# Shrimping



## gregT (Apr 25, 2007)

Haven't seen a topic about this, but I figure some of you shrimp. 

I'm planning on going to Haulover tonight. Want to show some buddies of mine how to shrimp. Has anyone heard anything about how the shrimp are running or if they even are?


----------



## MATT (Apr 30, 2007)

I have not been to that inlet in sometime would love to try to shrimp let me know how you do tonight !


----------



## litlblusrn4bigred (Jan 8, 2007)

there is a website devoted to shrimping. gives locations, tides, etc. i have heard that up near oakhill is a place for shrimping. here is the website name. www.shrimpin.com

good luck and dont let the mosquitos carry you away.


----------



## gregT (Apr 25, 2007)

Last report on that site was from late April


----------



## litlblusrn4bigred (Jan 8, 2007)

> Last report on that site was from late April



thats because thats when the shrimpin is best.  i think you missed it.  if you were to go out there tonight, i dont think you would do so well.  i think.  dont quote me on that.  email the guy that runs the site, he would know.  i know that its on the full moons though is when its best.


----------



## draggingcanoe (Dec 11, 2006)

I camped at Lopez in Oak Hill the 3rd week of February.
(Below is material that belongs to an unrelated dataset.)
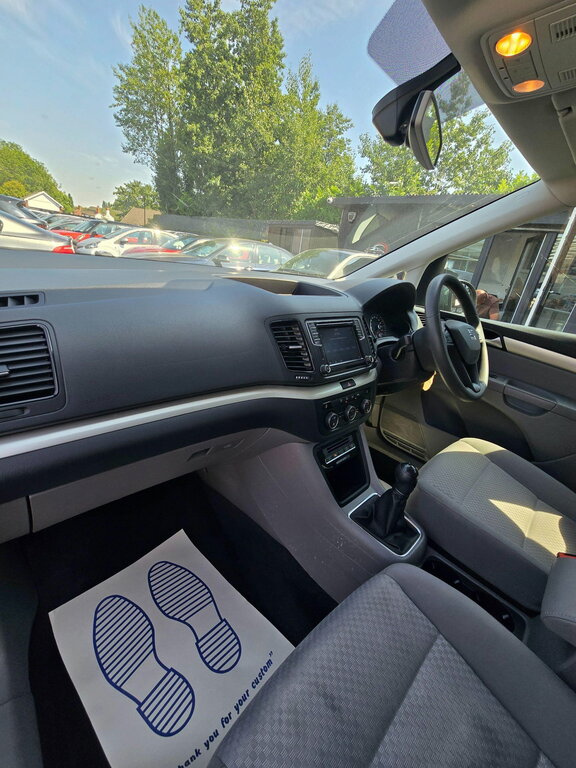 Seat Alhambra Tdi Se Lux U8908 Ulez Blue #33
Best time to get away from mosquitos and to shrimp. People camp there just to shrimp.  Most sites in the campground were full.  The boats only go about 100-200 yards from the dock.   At 9:00 pm the first night, I heard a loud boat horn--- a yacht was trying to get the shrimpers to move...they were blocking the intercoastal waterway. They wouldn't tell their secrets about catching them. Most stay out only 45 min. to 1 hour each night.  I saw plenty of 5 gallon buckets full of shrimp come off those docks.


----------